Esta doctrina fue confirmada por el concilio Vaticano II, en el que se afirma
que el Hijo primogénito de María «no menoscabó su integridad virginal, sino que
la santificó» (Lumen gentium, 57). Por lo que se refiere a la virginidad
después del parto, es preciso destacar ante todo que no hay motivos para pensar
que la voluntad de permanecer virgen, manifestada por María en el momento de la
Anunciación (cf. Lc 1,34), haya cambiado posteriormente. Además, el sentido
inmediato de las palabras: «Mujer, ahí tienes a tu hijo», «ahí tienes a tu
madre» (Jn 19,26-27), que Jesús dirige desde la cruz a María y al discípulo
predilecto, hace suponer una situación que excluye la presencia de otros hijos
nacidos de María.
Los que niegan la virginidad después del parto han
pensado encontrar un argumento probatorio en el término «primogénito», que el
evangelio atribuye a Jesús (cf. Lc 2,7), como si esa expresión diera a entender
que María engendró otros hijos después de Jesús. Pero la palabra «primogénito»

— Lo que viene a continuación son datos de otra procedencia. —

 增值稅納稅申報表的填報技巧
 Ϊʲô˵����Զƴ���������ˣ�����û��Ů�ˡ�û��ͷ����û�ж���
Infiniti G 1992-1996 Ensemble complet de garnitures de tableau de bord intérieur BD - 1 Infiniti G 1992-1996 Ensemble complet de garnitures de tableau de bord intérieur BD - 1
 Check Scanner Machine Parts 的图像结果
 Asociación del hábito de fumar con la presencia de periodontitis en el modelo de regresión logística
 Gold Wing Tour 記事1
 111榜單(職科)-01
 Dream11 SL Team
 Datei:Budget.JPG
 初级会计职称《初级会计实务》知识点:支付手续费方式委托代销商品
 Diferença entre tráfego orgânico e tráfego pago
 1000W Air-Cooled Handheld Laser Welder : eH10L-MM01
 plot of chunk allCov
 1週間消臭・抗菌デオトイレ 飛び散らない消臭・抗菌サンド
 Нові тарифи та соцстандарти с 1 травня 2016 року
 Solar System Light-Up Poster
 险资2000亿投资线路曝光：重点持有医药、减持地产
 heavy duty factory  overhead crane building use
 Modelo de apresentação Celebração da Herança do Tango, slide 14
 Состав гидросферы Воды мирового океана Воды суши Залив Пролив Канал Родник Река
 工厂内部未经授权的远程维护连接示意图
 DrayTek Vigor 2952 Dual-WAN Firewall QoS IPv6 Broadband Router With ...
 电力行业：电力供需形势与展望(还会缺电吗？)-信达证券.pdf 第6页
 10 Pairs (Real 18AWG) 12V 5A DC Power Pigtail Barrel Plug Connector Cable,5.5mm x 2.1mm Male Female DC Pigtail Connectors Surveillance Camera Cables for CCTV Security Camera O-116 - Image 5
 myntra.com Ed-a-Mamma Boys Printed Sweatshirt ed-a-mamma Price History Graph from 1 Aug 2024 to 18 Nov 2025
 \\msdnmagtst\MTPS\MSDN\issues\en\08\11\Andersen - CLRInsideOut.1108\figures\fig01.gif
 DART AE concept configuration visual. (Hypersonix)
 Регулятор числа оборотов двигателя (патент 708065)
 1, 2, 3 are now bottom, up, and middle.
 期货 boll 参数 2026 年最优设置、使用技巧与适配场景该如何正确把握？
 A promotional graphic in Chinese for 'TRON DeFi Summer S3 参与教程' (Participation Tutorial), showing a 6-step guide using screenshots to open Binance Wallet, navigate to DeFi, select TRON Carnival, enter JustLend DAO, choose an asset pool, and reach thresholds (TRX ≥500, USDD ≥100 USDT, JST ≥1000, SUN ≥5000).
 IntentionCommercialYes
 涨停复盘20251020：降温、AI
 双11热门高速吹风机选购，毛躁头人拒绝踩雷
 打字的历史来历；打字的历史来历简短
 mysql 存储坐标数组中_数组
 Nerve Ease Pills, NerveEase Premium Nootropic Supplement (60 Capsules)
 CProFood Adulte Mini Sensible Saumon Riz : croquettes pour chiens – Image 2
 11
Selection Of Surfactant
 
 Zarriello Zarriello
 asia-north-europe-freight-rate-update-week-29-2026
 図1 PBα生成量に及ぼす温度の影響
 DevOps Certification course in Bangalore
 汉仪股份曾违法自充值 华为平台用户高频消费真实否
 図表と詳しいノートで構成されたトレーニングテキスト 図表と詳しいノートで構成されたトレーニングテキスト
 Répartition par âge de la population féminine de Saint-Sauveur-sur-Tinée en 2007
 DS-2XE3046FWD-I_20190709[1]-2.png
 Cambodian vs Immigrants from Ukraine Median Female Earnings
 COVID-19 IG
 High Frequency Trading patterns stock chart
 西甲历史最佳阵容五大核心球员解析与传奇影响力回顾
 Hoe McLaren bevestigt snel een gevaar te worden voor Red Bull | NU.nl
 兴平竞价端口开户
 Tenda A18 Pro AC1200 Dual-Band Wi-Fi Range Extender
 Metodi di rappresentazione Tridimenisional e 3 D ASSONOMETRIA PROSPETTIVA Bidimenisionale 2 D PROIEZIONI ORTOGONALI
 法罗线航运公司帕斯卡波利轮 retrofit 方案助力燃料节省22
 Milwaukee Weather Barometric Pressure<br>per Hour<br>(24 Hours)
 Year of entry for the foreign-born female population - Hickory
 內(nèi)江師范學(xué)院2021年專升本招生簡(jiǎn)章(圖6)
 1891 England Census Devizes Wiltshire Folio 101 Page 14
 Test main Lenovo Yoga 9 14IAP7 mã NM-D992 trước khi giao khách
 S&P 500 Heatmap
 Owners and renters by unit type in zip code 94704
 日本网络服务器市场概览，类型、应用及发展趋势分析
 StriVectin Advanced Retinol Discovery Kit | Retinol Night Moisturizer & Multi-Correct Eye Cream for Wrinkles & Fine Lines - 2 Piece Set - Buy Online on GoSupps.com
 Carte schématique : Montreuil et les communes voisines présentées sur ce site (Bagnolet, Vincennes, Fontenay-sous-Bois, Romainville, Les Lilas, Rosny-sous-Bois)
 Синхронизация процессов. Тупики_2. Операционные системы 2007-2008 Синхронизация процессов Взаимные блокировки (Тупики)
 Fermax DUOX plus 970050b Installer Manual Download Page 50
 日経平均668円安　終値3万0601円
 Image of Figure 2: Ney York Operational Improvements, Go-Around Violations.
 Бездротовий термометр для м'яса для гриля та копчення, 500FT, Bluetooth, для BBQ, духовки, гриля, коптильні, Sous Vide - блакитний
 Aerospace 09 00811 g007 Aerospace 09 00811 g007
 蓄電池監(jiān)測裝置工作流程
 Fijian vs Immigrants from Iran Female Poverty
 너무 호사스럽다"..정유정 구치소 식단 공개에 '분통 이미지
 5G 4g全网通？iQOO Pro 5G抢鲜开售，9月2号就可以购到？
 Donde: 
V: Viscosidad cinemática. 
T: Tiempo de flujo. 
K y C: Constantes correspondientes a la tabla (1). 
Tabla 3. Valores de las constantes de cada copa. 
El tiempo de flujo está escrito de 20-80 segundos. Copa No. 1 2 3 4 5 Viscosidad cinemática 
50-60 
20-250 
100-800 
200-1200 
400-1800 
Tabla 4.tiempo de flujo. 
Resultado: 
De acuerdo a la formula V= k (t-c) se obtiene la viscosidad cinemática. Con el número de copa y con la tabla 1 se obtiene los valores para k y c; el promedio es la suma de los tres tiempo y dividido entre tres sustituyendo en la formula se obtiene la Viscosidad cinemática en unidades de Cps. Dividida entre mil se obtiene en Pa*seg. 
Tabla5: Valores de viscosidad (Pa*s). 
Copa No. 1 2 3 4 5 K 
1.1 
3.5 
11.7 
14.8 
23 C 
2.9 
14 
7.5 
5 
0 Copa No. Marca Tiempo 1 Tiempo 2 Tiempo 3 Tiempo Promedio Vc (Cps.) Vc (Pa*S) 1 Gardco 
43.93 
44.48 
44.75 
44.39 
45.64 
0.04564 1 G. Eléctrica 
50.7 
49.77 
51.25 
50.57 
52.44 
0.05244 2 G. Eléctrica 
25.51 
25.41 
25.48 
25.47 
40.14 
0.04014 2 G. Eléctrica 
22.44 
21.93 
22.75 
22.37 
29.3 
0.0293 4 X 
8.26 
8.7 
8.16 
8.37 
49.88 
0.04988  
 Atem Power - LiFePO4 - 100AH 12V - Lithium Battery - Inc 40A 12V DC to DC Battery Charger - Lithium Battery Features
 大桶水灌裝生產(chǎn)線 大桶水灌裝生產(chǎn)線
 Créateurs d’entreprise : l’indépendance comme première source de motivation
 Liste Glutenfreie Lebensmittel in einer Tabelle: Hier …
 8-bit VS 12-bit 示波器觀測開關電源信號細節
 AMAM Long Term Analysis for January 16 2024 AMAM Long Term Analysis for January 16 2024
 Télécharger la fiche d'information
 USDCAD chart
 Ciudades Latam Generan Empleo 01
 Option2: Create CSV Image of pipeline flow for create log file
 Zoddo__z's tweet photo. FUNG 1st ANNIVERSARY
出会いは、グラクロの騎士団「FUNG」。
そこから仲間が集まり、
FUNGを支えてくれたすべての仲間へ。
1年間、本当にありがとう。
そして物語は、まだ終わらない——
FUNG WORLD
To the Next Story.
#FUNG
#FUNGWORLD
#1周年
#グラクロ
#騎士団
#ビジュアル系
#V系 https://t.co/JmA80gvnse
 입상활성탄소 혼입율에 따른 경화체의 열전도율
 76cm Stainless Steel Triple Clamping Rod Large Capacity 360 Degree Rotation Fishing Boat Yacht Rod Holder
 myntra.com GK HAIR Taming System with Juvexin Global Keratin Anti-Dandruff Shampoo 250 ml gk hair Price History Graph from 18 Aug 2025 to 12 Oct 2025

significa literalmente «hijo no precedido por otro» y, de por sí, prescinde de
la existencia de otros hijos. Además, el evangelista subraya esta
característica del Niño, pues con el nacimiento del primogénito estaban
vinculadas algunas prescripciones de la ley judaica, independientemente del
hecho de que la madre hubiera dado a luz otros hijos. A cada hijo único se
aplicaban, por consiguiente, esas prescripciones por ser «el primogénito» (cf.
Lc 2,23).
3. Según algunos, contra la virginidad de María después
del parto estarían aquellos textos evangélicos que recuerdan la existencia de
cuatro «hermanos de Jesús»: Santiago, José, Simón y Judas (cf. Mt 13,55-56; Mc
6,3), y de varias hermanas.
Conviene recordar que, tanto en la lengua hebrea como
en la aramea, no existe un término particular para expresar la palabra primo
y que, por consiguiente, los términos hermano y hermana tenían un
significado muy amplio, que abarcaba varios grados de parentesco. En realidad,
con el término hermanos de Jesús se indican los hijos de una
María discípula de Cristo (cf. Mt 27,56), que es designada de modo
significativo como «la otra María» (Mt 28,1). Se trata de parientes próximos de
Jesús, según una expresión frecuente en el Antiguo Testamento (cf. Catecismo
de la Iglesia católica, n. 500).
Así pues, María santísima es la siempre Virgen.
Esta prerrogativa suya es consecuencia de la maternidad divina, que la consagró
totalmente a la misión redentora de Cristo.